EXERCISE REQUIREMENTS:
Your answer must be the exact lines of the listing below that run from the line with "image_rental-37158592" to the line with "Renault Kadjar 1.2", ends included, and no pictures.

DATA TO USE:
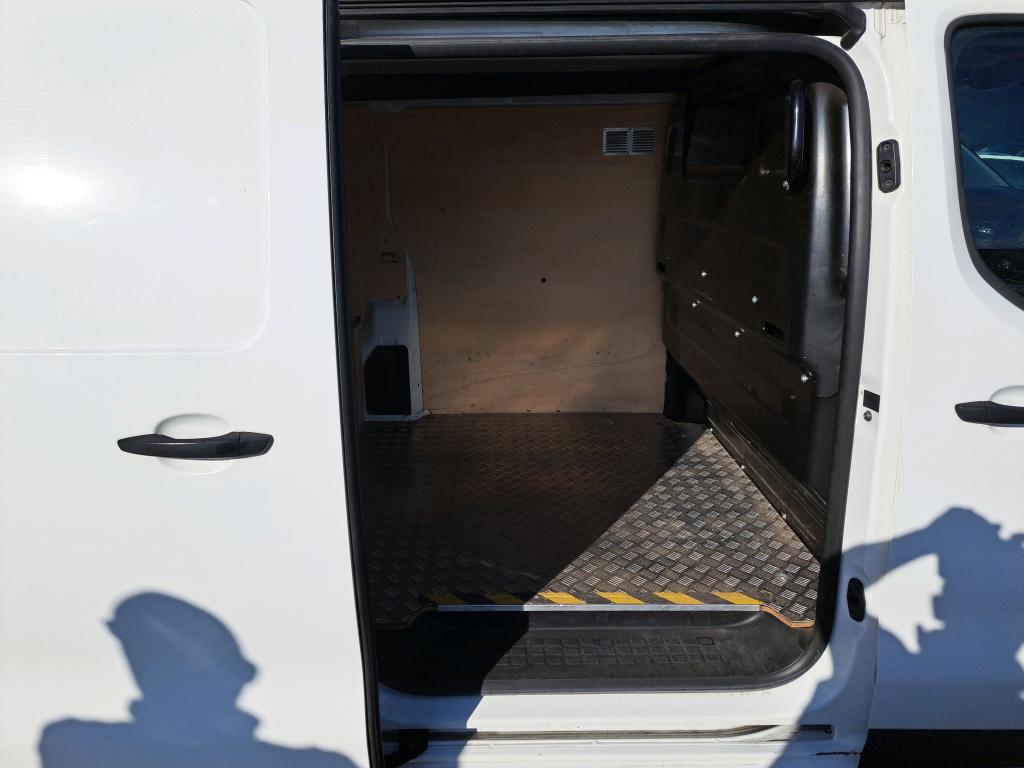 Peugeot EXPERT FGN TOLE STANDARD 2.0  BLUEHDI 120 S&S BVM6 PREMIUM 2018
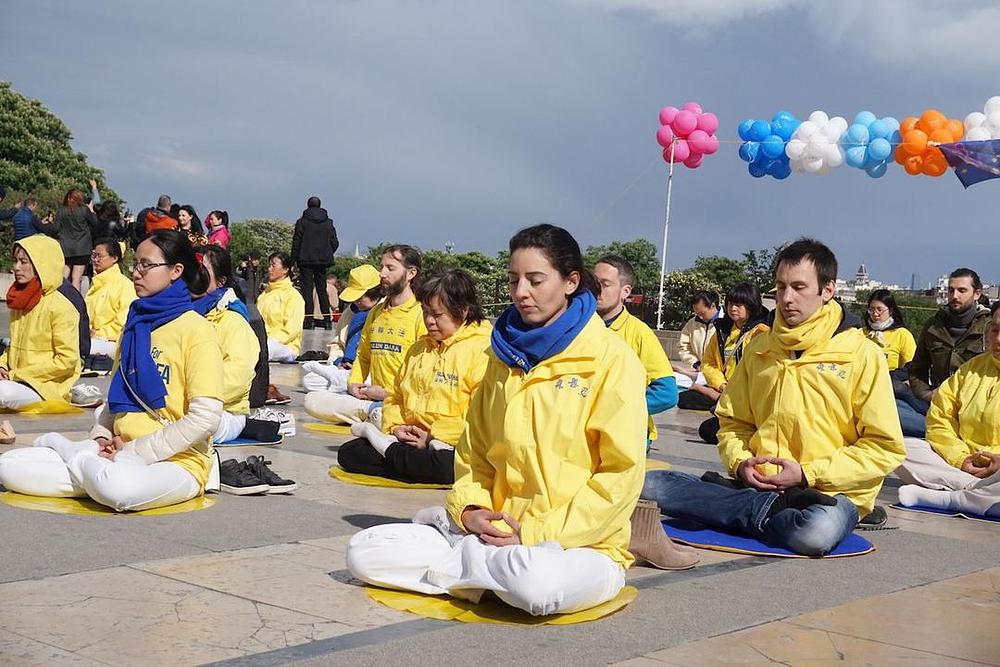 Falun Dafa praktikanti, 5. maja 2019. godine, rade grupne vježbe proslavljajući Svjetski Falun Dafa dan na Trgu ljudskih prava u blizini Eiffelovog tornja u Parizu.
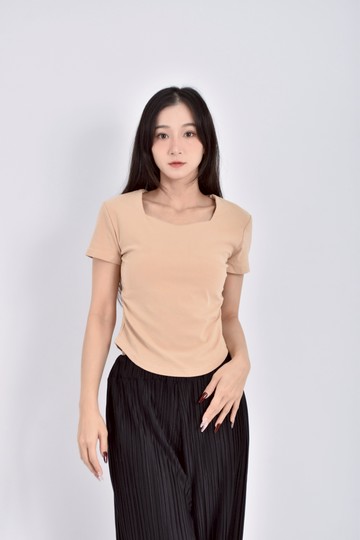 (S) 【艾玲私服】修身短版收腰素面橘色短袖上衣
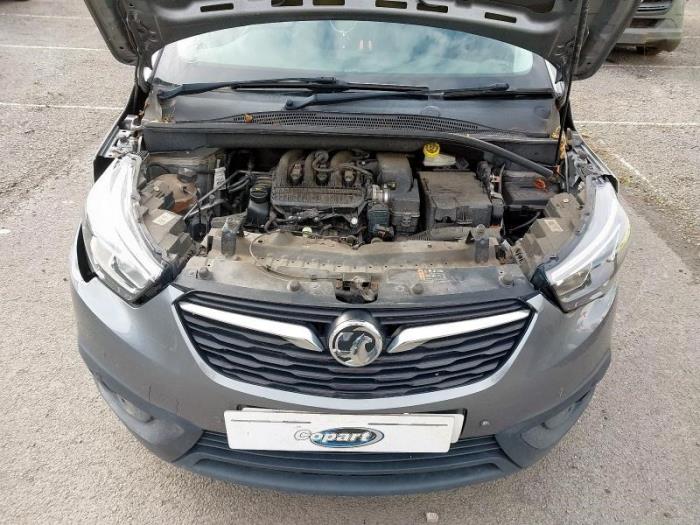 Opel Crossland 1.2 12V Skrotfordon (2019, GRIJS GR)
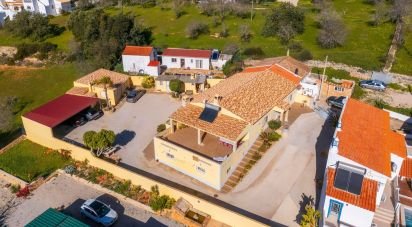 Maison T3 à Albufeira e Olhos de Água de 310 m²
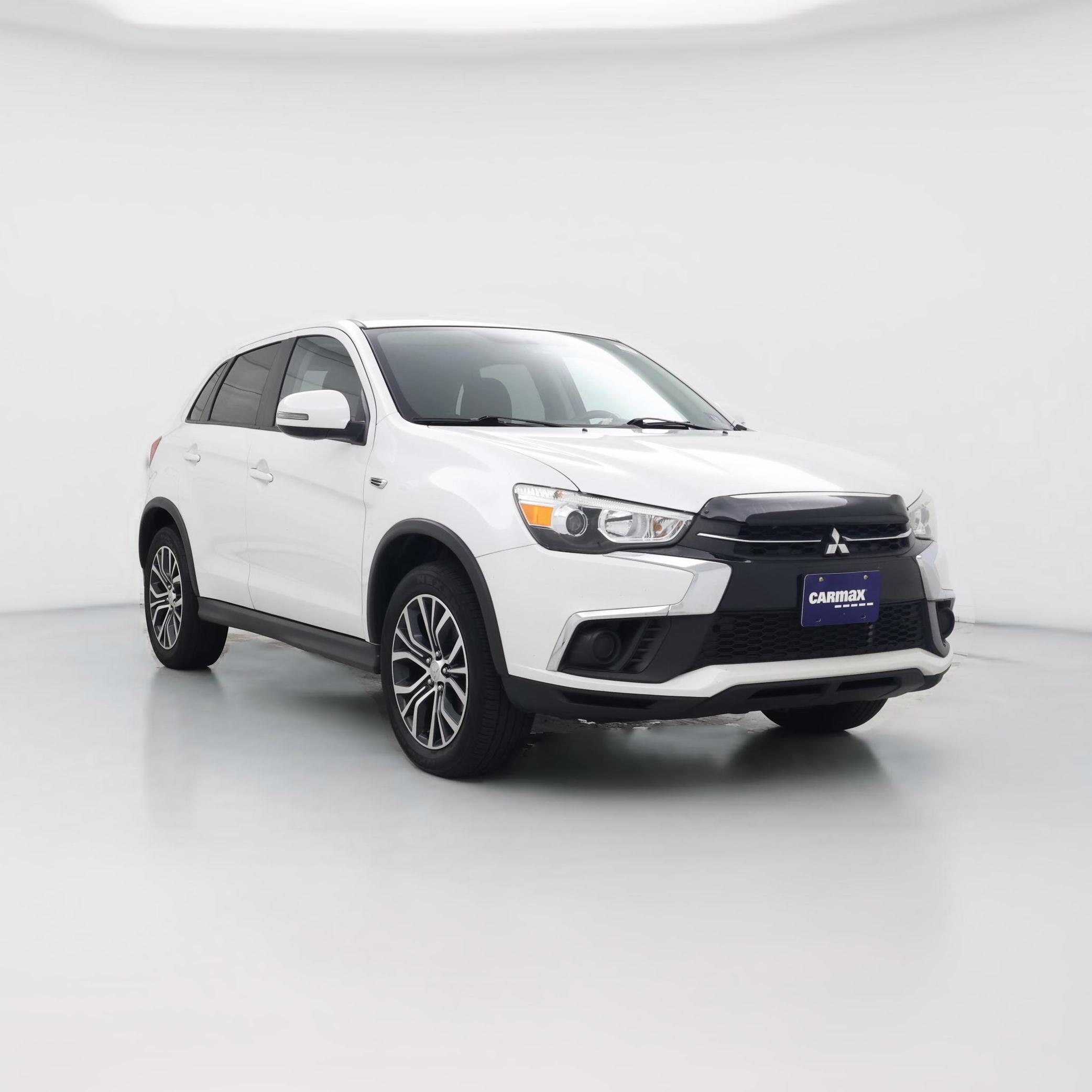 Thumbnail: 2019 Mitsubishi Outlander Sport - 1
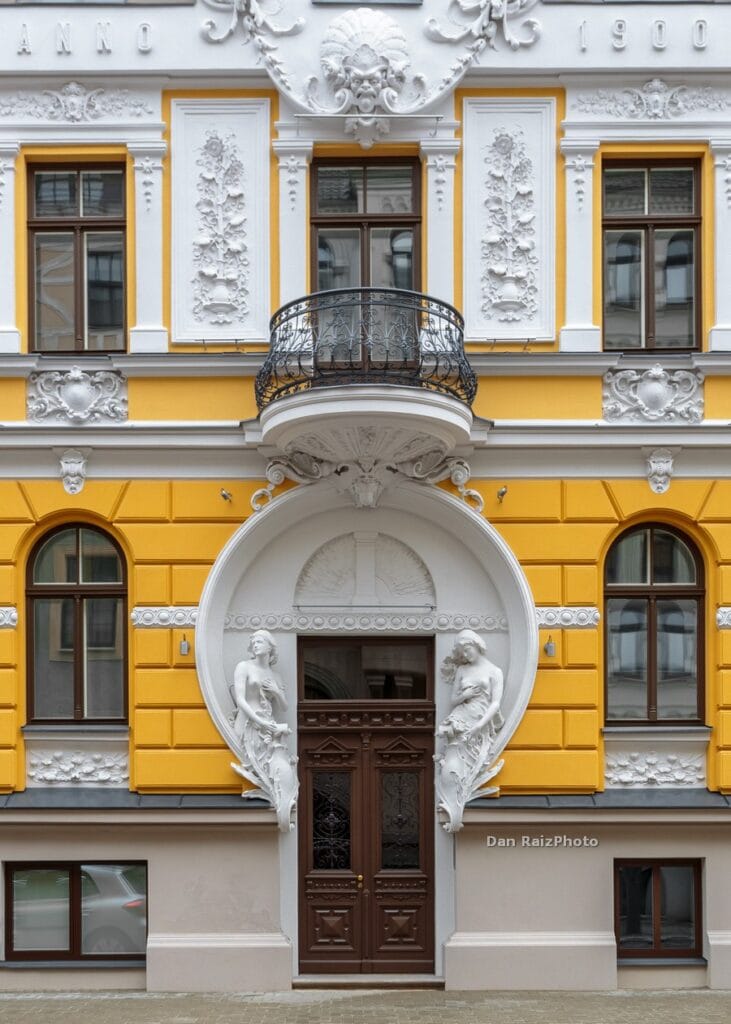 Vīlandes street 11, Riga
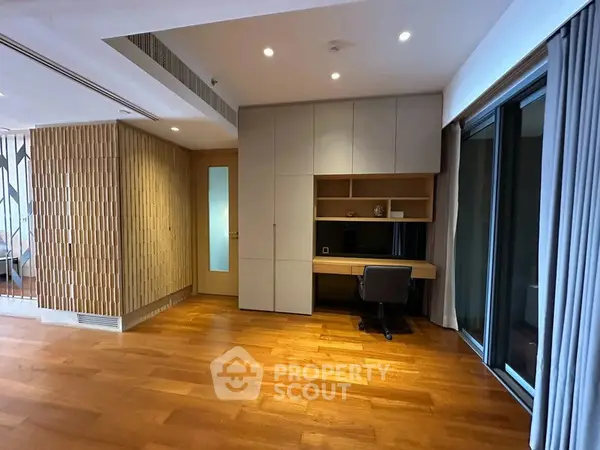 image_rental-37158592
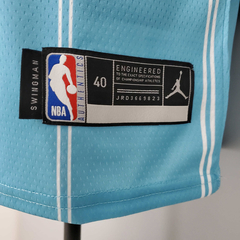 Imagem do Regata Charlotte Hornets Branca e Azul - Nike - Masculina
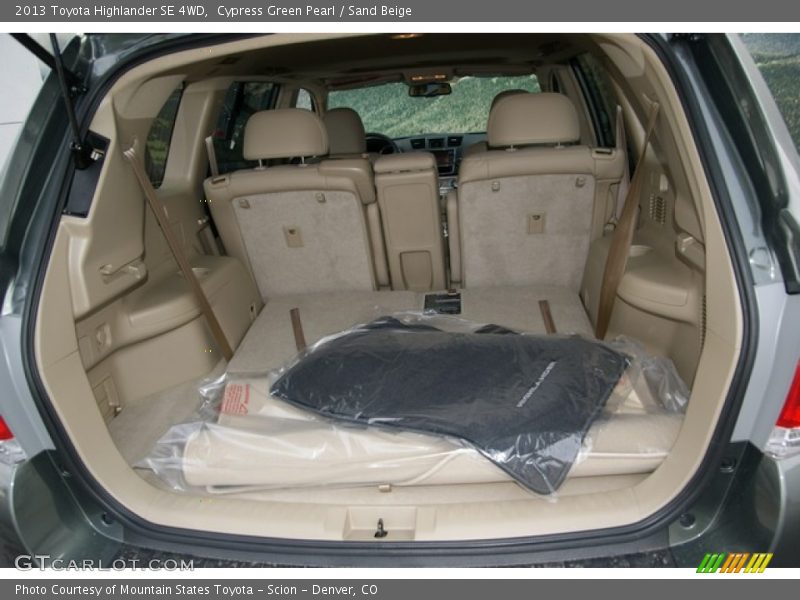 Cypress Green Pearl / Sand Beige 2013 Toyota Highlander SE 4WD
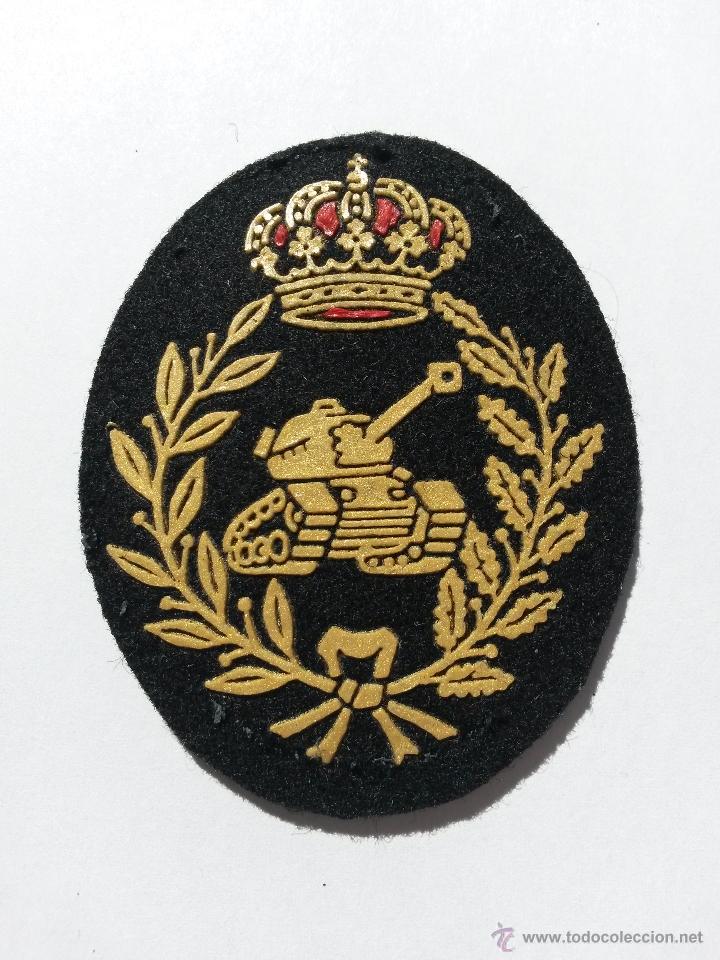 Military Antiques: Parche de tela ovalado 6 x 4,8 cms con tanque , corona y laureles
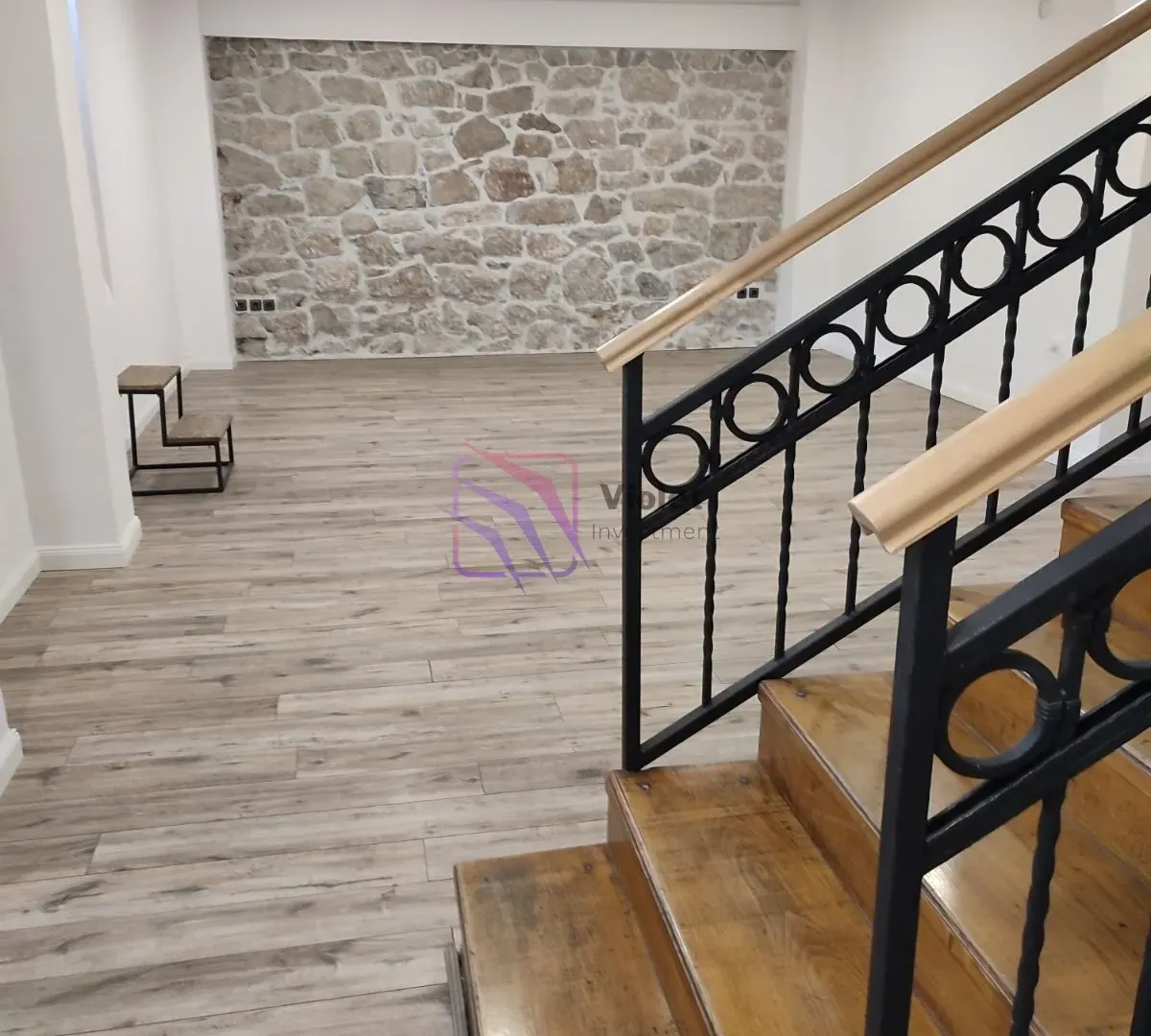 Izdavanje, poslovni prostor, 110m², Centar, Podgorica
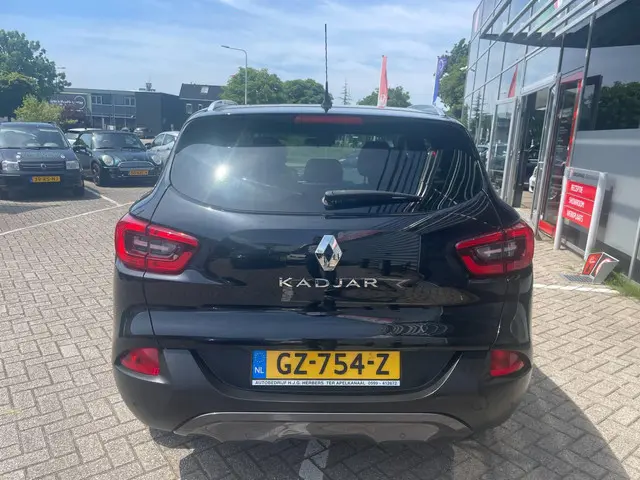 Renault Kadjar 1.2 TCe Bose / navigatie 2015 Benzine 22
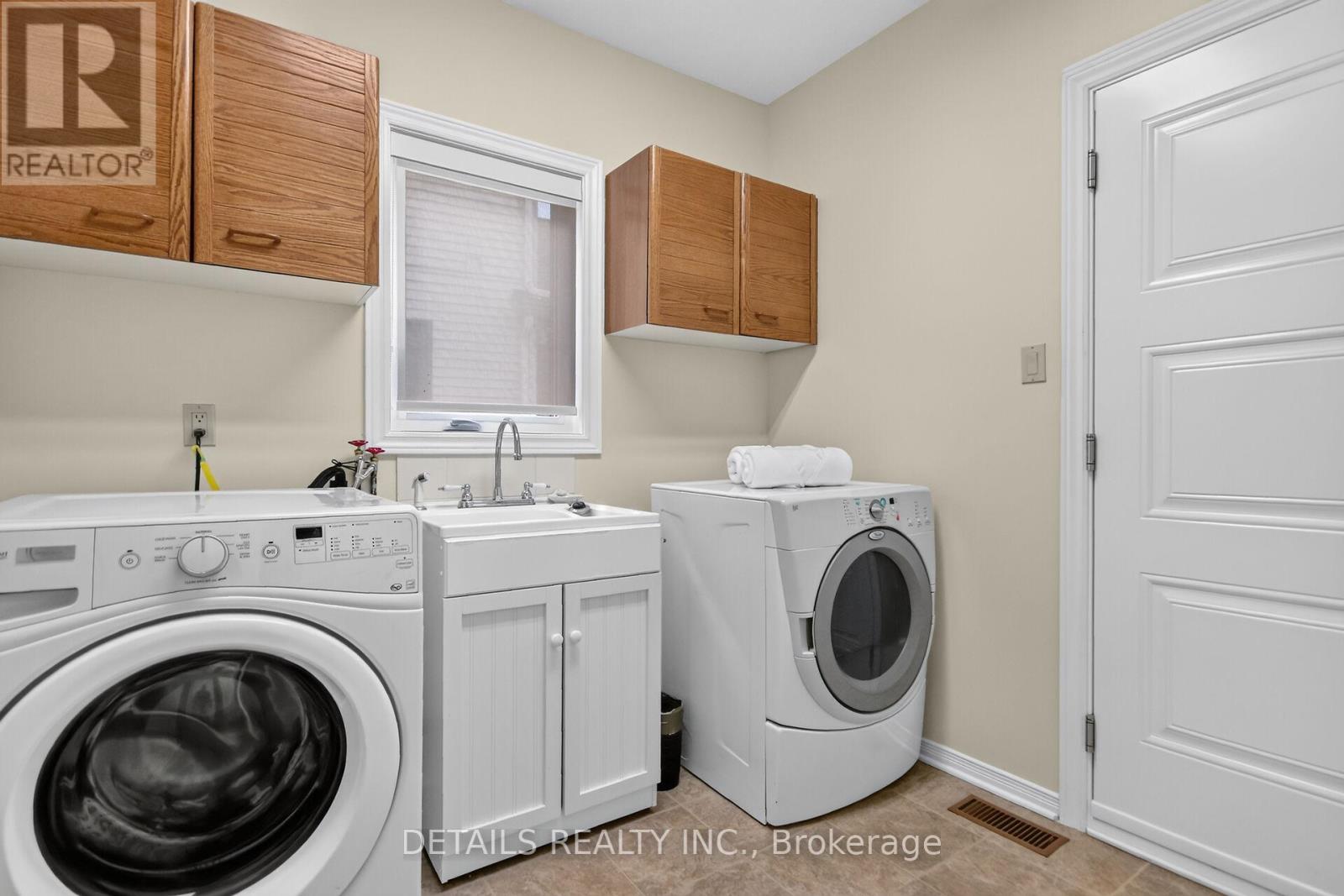 15 Conant Place S, Ottawa, Ontario  K2L 3Z8 - Photo 24 - X13788940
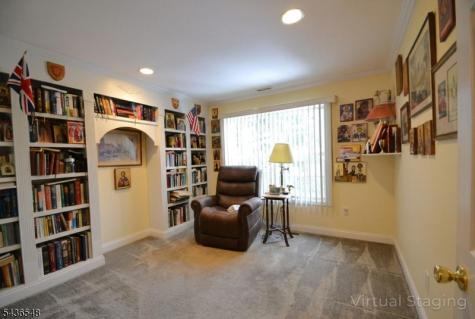 4 Chanda Court Clifton NJ 07012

ANSWER TO THIS PROBLEM:
 image_rental-37158592
 Imagem do Regata Charlotte Hornets Branca e Azul - Nike - Masculina
 Cypress Green Pearl / Sand Beige 2013 Toyota Highlander SE 4WD
 Military Antiques: Parche de tela ovalado 6 x 4,8 cms con tanque , corona y laureles
 Izdavanje, poslovni prostor, 110m², Centar, Podgorica
 Renault Kadjar 1.2 TCe Bose / navigatie 2015 Benzine 22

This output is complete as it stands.